Picture courtesy of Eddie Savage (originals at http://www.flickr.com/photos/nowin/sets/72157629619160680/)
The Arrow Frog is a 1969 Corvette Stingray (C3 or 3rd generation Corvette).
It is a convertible with a small block 350 (originally 350hp) updated with HEI and aluminum heads. It has factory side pipes (only in '69, other years are aftermarket). The gearbox is a 4 speed Muncie T10. The car was originally Monza red but has been repainted Viper yellow.
For an old car, it packs impressive features including 4 wheel disk brakes (vented in front) and fully independent suspension. Of course the rigidity of the chassis is extremely weak, it is nose heavy and has tons of torque steer which makes it a handful to drive at the limit.

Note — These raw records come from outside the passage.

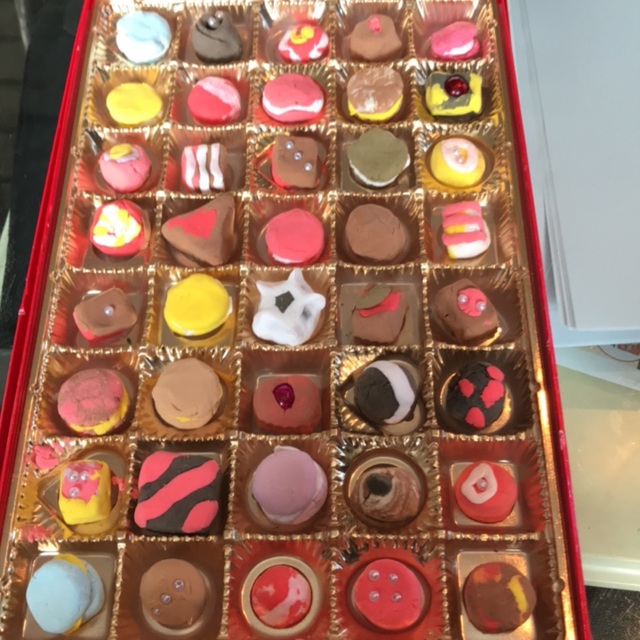 【みんなの投稿】2歳児クラス☆お箸の練習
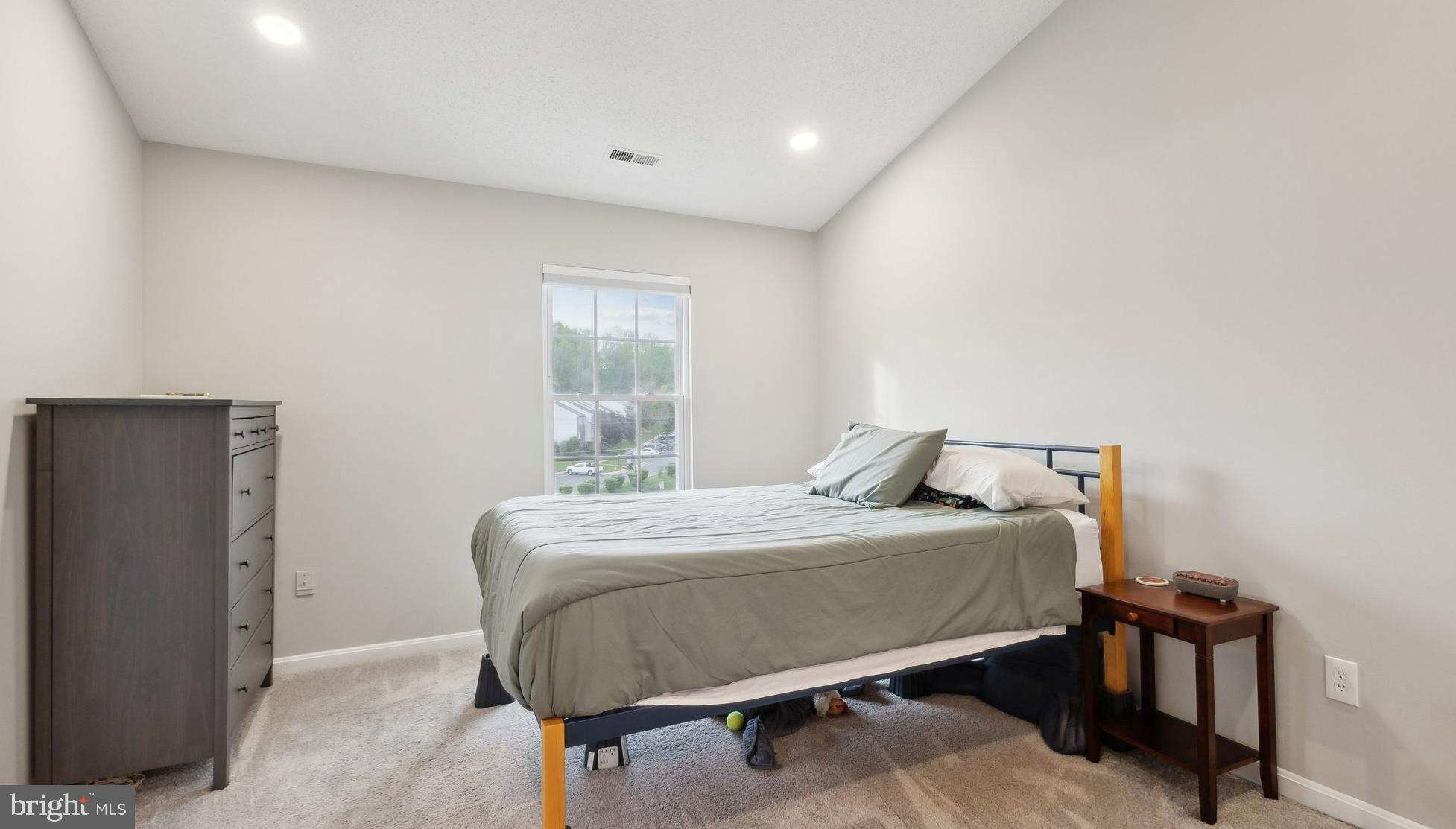 602 STAFFORD GLEN CT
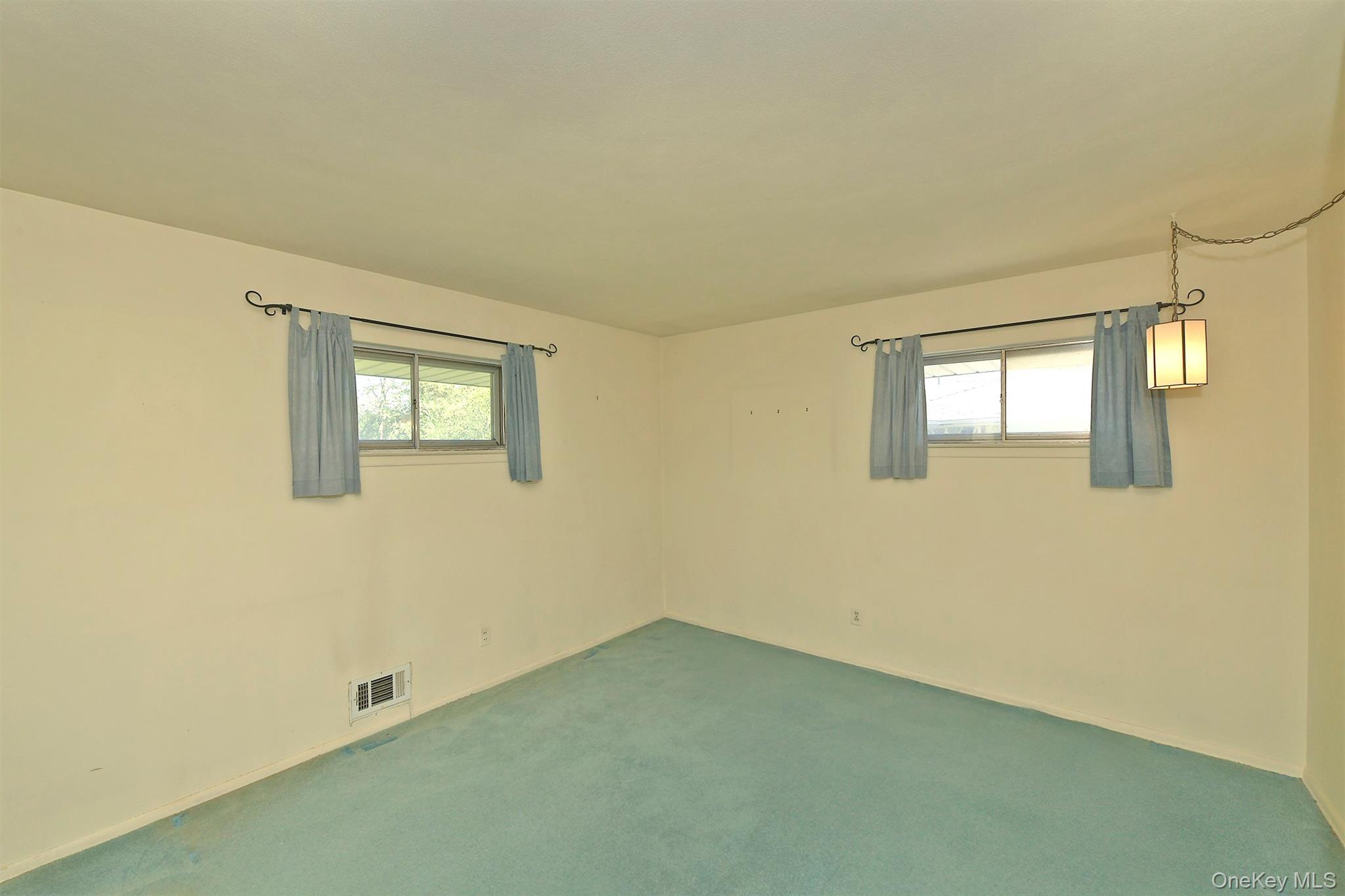 12 Marie Crescent – For Sale photo 15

But it is a blast to drive and it's amazing to see how advanced that car was for its time. The seats have no support whatsoever and you only have lapbelts so it is really hard to Autocross but we sometimes take it out just for fun!
But it is also very nice on the road as the princess can attest! And that sound... don't miss the acceleration at the 1'20 mark in the video :)
Some projects on the Arrow Frog
Changing the heater core is a real pain as you have to take the whole dashboard apart and quite a bit in the engine bay too. But it's always better than a leak in the car! Other project that came shortly after was putting an aluminum radiator to replace the stock one that couldn't cool down the car during the summer month.
Redoing the soft top was also a pretty big project that took about 2 months. Between repairing the frame and then putting the new top on, that was a long project but hopefully there is plenty of documentation on the web to help you through the steps!
As you can see on that picture, that is the last project in the house, the barn is being build in the back! Yahoo soon a proper garage :)
Some bodywork had to be done on the front driver door after the propane tank for the barn heater tried to get in the car without opening the door! The bumpers were painted also when I got the car but I went back to the original chrome, it looks so much better. Also the deluxe louvers were a very expensive options that the previous owner never put on! But now the car also wins at car shows :)
The last major undertaking was rebuilding the heads in the spring of 2013. The valve guides went bad and the car was leaking oil through the seals. It turns out that the heads had teflon valve seals that were sealing too well and didn't leave any room for lubrification of the guides. Thanks to Dick from D&D machine shop in Easthampton MA for the great job at rebuilding the heads.
And thanks to my friend Shiraj to help me with the heads unmount/remount while I was handicapped!